Detection of alkaloids in foods with a multi-detector high-performance liquid chromatographic system

Abstract

A general screening method for alkaloid drugs in foods is described based on high-performance liquid chromatography with ultraviolet detection at three wavelengths, followed by fluorescence and electrochemical detectors in series. The chromatographic conditions include an ion-pairing reagent, which makes it possible to chromatograph acidic and basic drugs with one screen. Relative response ratios were determined from the peak areas of the alkaloids on the basis of all the detector signals.

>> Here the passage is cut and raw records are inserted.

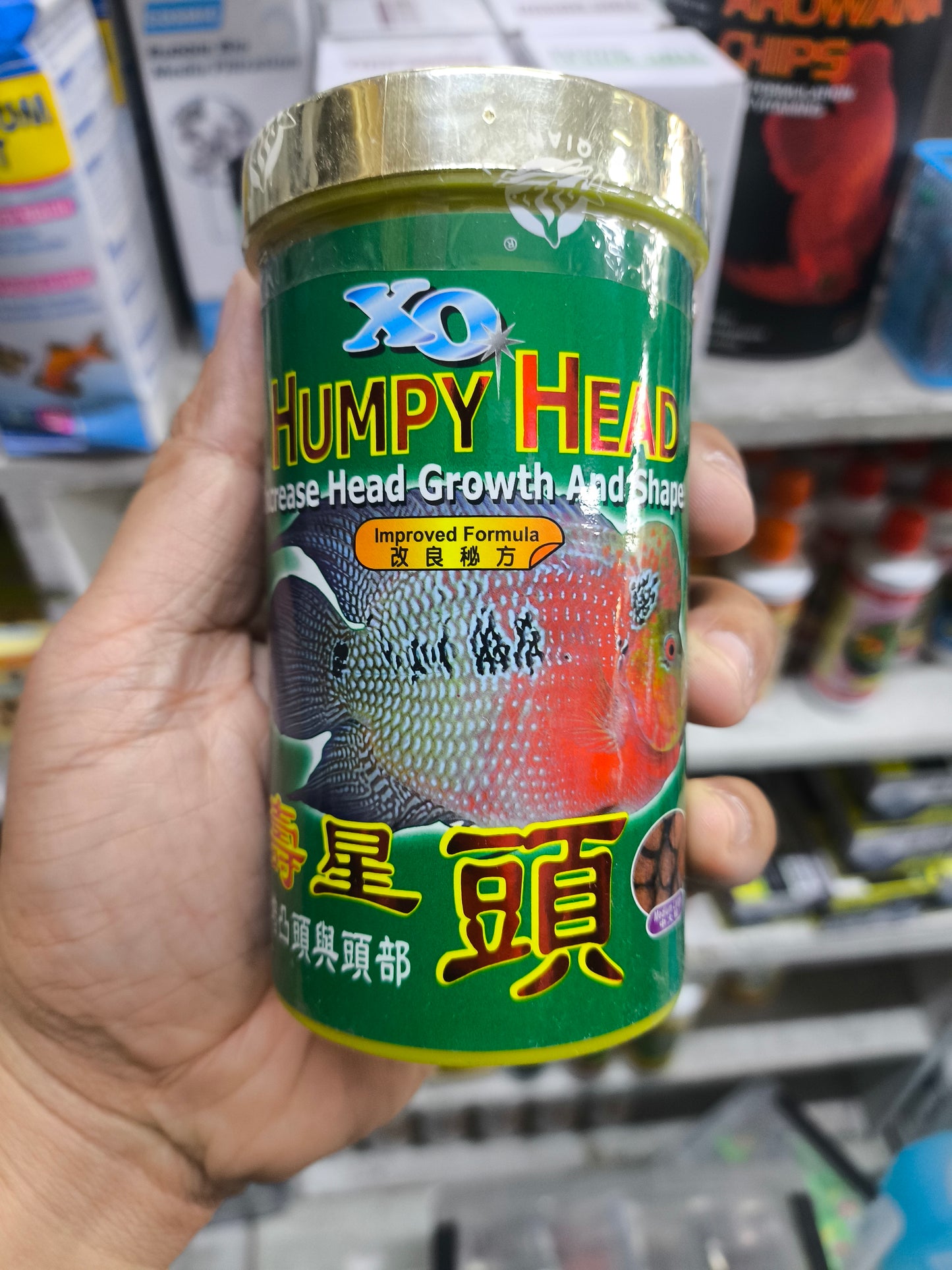 Ocean Free XO Humpy Head Ever Red and Super Red Syn Flowerhorn  Kok & Color Support
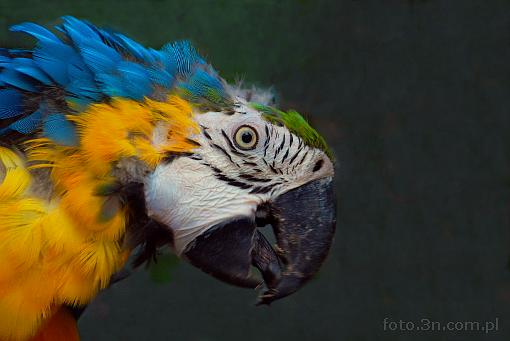 bird; parrot; macaw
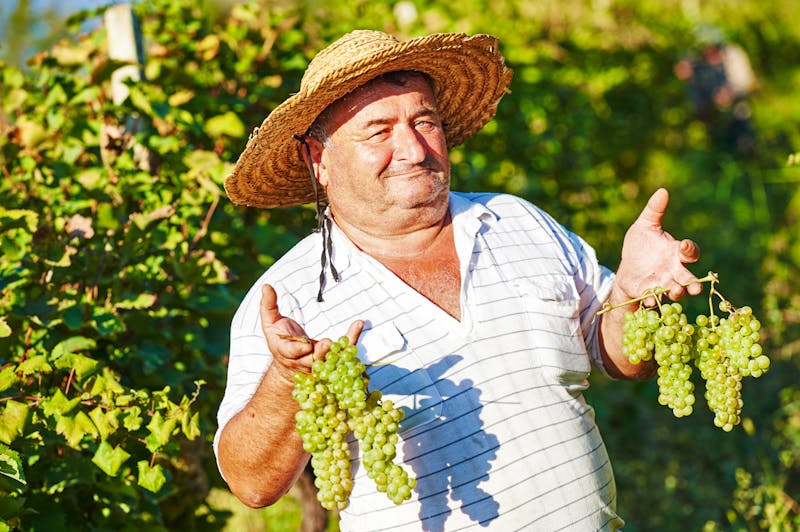 Winzer in Georgien - ©Kadmy - stock.adobe.com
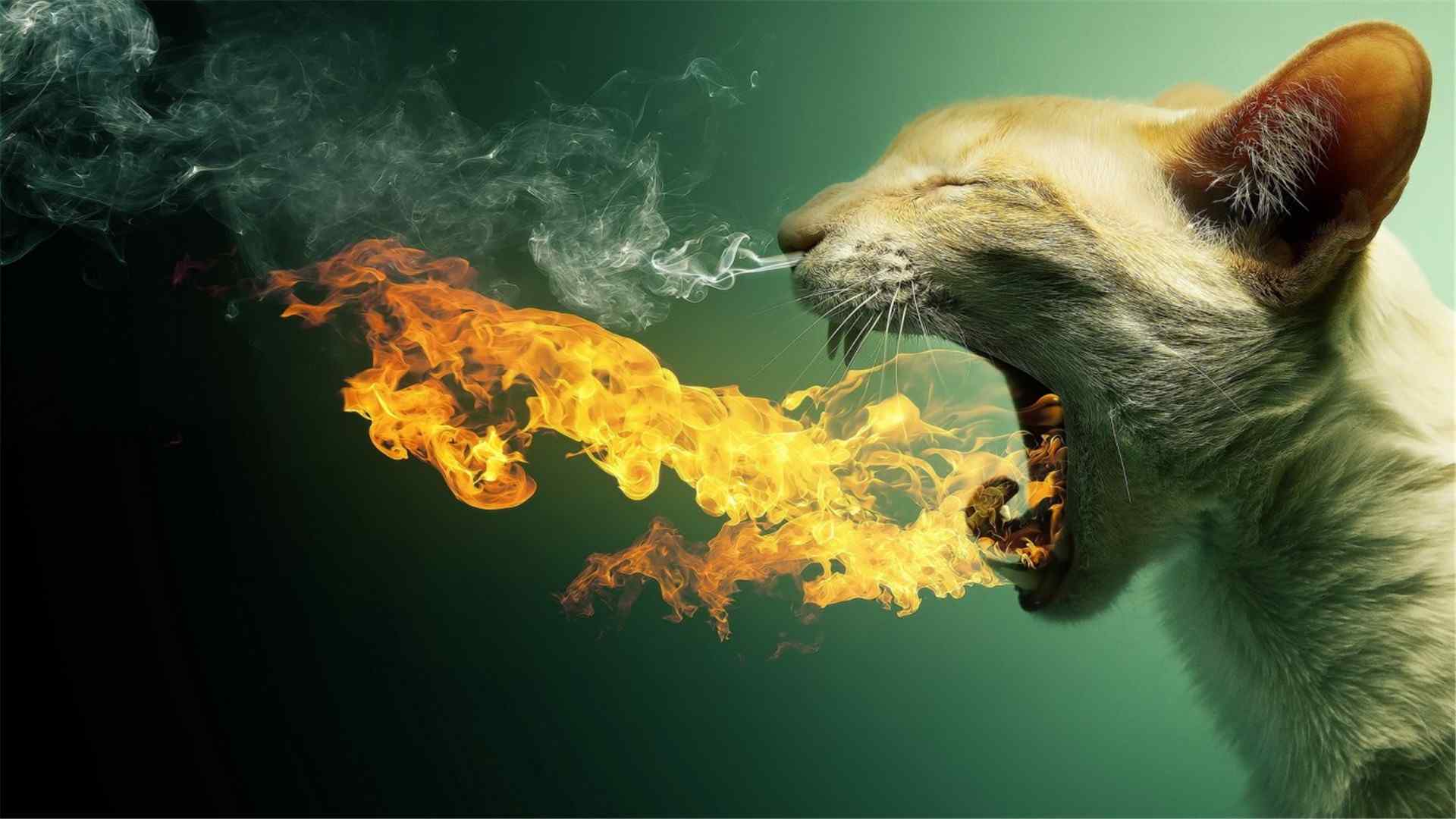 喷着火焰的小猫高清壁纸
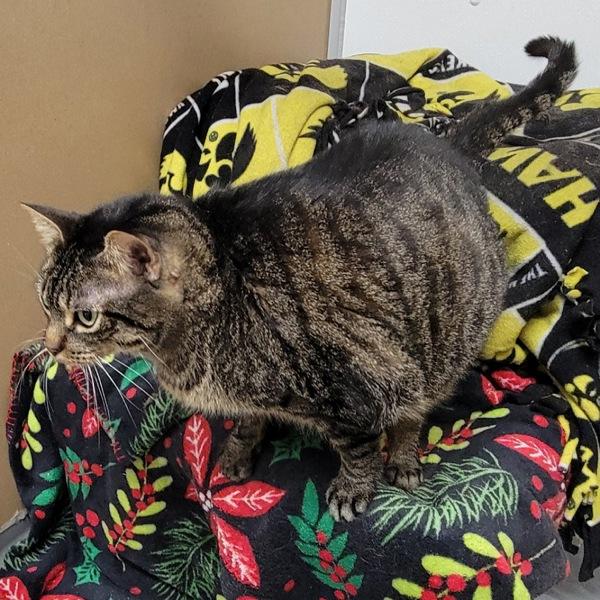 Sage, a Adoptable mixed breed in Des Moines, IA image 2/2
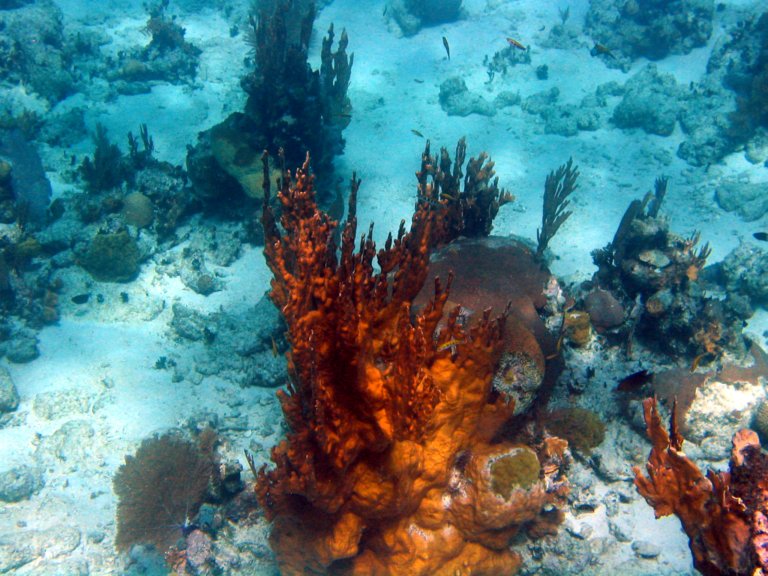 025: NCL Sun, Belize, Reef Snorkel and Banister Island, 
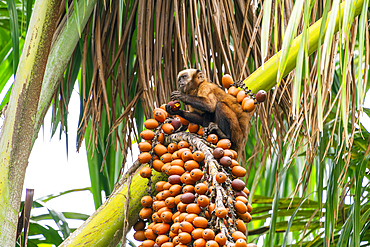 Brown capuchin monkey (Cebus apella, Sapajus apella) on tree eating palm seeds, Lake Sandoval, Tambopata National Reserve, Peru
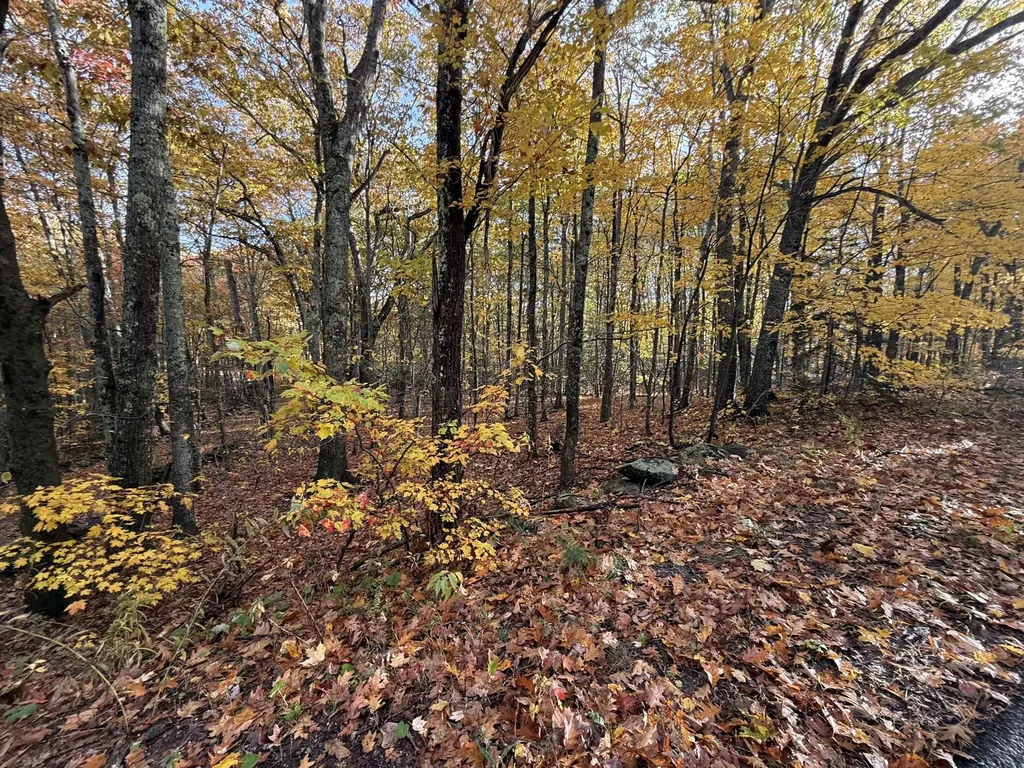 Tbd Map 15, Lot 150 Mt. Pleasant Street Rockport ME 04856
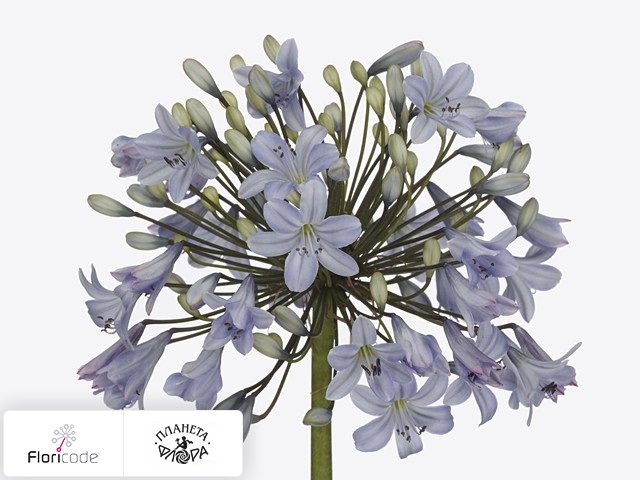Агапантус Lavender Surprise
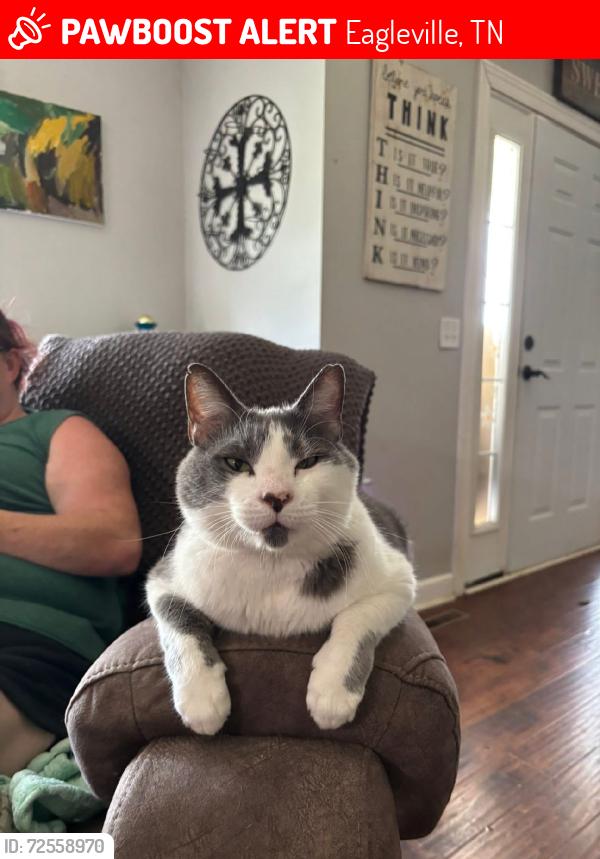 Lost Male Cat last seen Kelley road, Eagleville, TN 37060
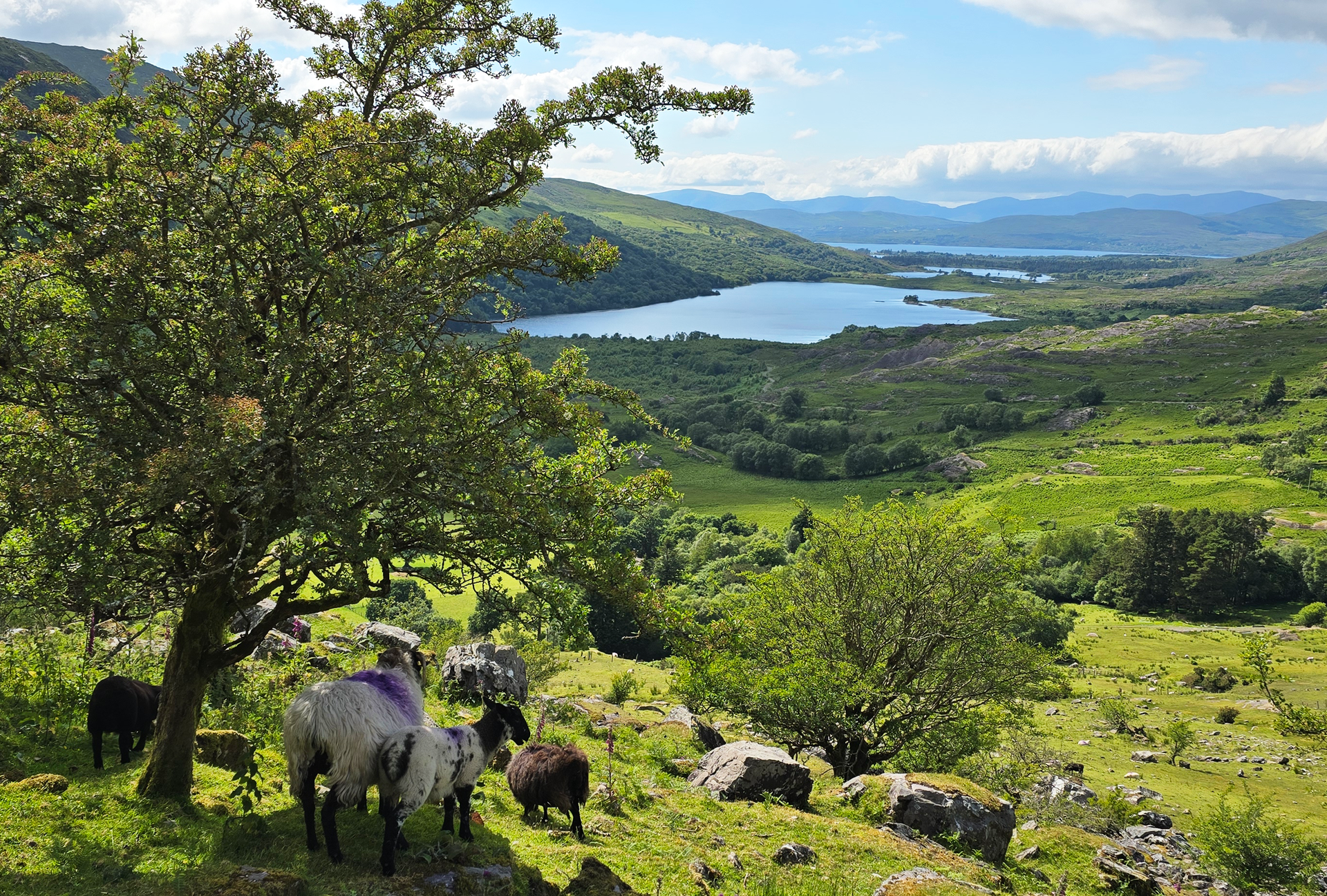 Banner Zuidwest Ierland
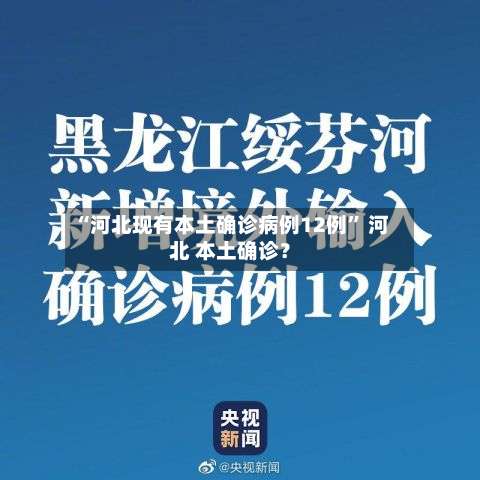 “河北现有本土确诊病例12例	” 河北 本土确诊？-第1张图片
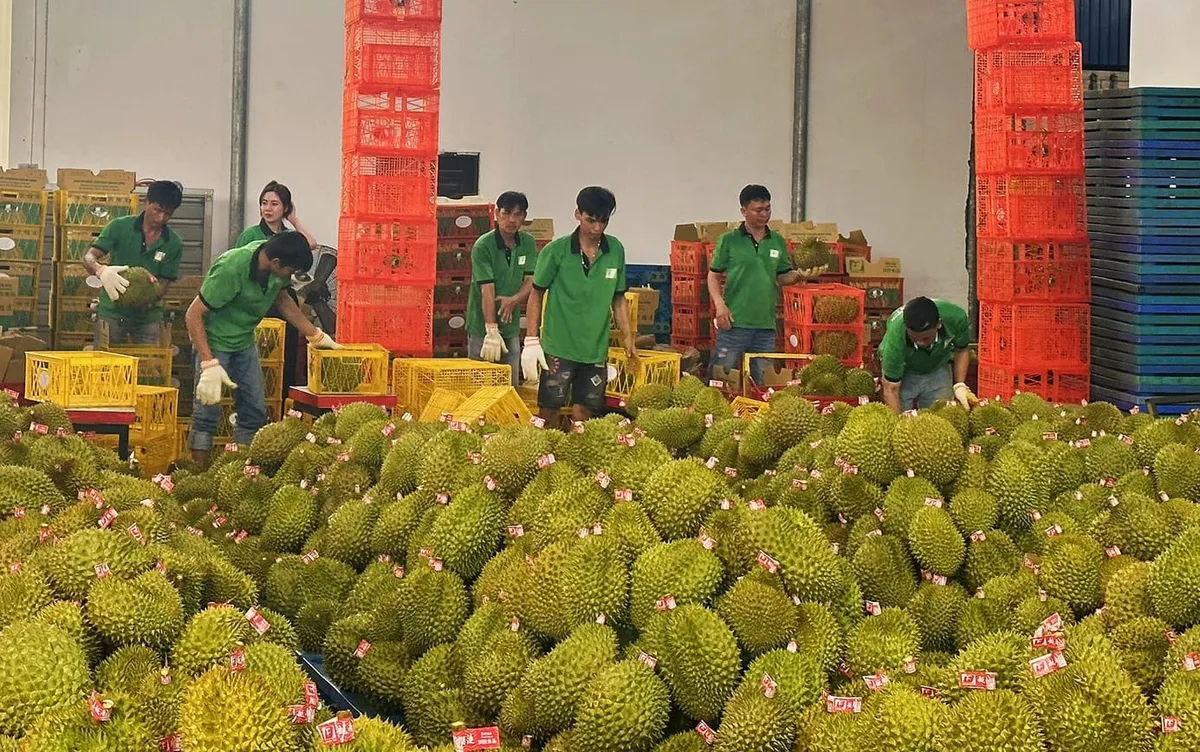 Xuất khẩu nông sản sang Trung Quốc đối mặt quy định mới theo Lệnh 280- Ảnh 1. Xuất khẩu nông sản sang Trung Quốc đối mặt quy định mới theo Lệnh 280- Ảnh 1.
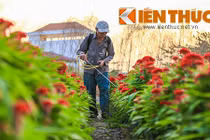 Làng hoa ven Sài Gòn hối hả đón Tết Bính Thân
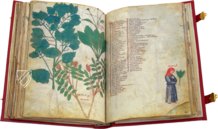 Lateinischer Dioskurides – Chig. F. VII. 158 – Biblioteca Apostolica Vaticana (Vaticanstadt, Vaticanstadt) Faksimile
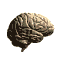 Cerveau 008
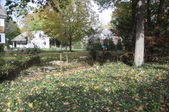 Enlarge photo 91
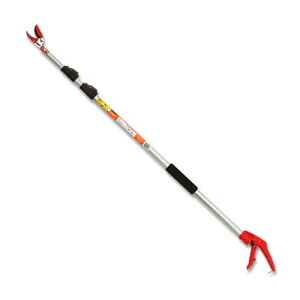 LЊݖ{_H J}L ̂3i3M NO.1430 [ʓrς]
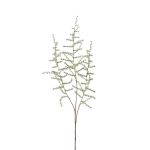 Umělá větev Asparagus acutifolius HANS, zelená, 70cm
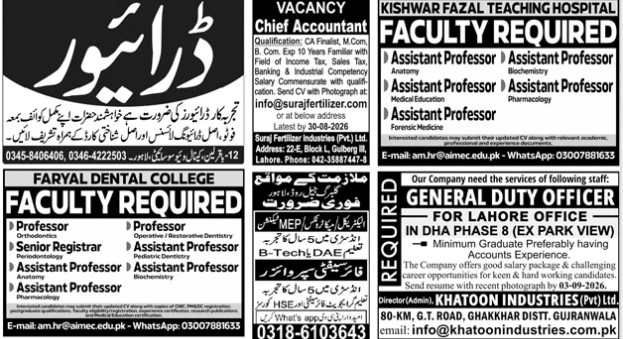 Multiple-jobs-23-8-26.jpg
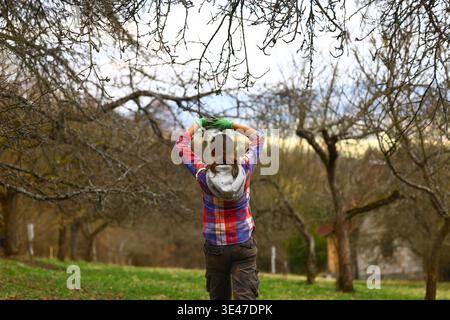 Woman joyfully tending to tree branches in an early‑spring orchard, capturing a moment of pleasure in outdoor work, mindful gardening and the calm, gr Stock Photo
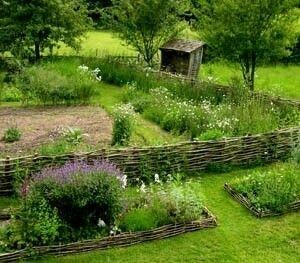 Gezocht: Wilgentakken voor moestuinbakken, Ophalen, Overige soorten, Minder dan 100 cm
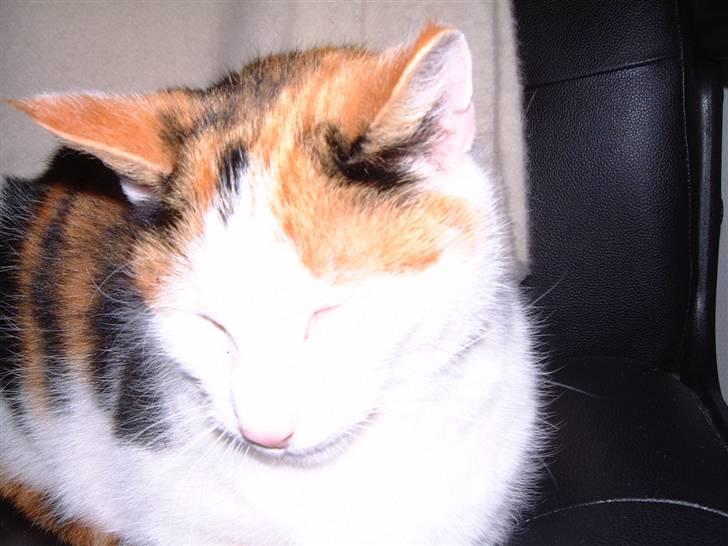 Blanding af racer Pjuske - sove lige let igen... billede 12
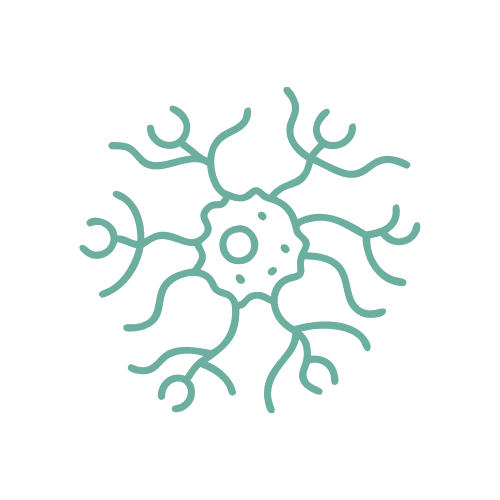 脳神経内科<br><small>（水曜午前のみ）</small>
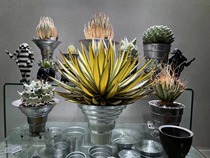 Lin Junjie Kimura Takuya same type Masses mm 2 generation agave metal aluminum flower pot handmade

These ratios were used to create a “fingerprint” of the drugs and to predict the identity of an unknown component in a sample matrix. The fluorescence and electrochemical detectors allowed a detection limit for many of the alkaloids which would not be attainable with the ultraviolet detector alone. Typical detection limits with the electrochemical detector were 5–50 ng/ml and with the fluorescence detector 5–500 ng/ml, while the ultraviolet detector had detection limits of 1–20 μg/ml. The spiking concentrations in the relative response ratio experiments were approximately five times above the lowest detection limit. The extraction method investigated for orange juice yielded recoveries for most alkaloids of 80–100%. A stability study of ergot alkaloids in various food matrices demonstrated degradation, depending on the matrix, temperature, and duration of the experiment.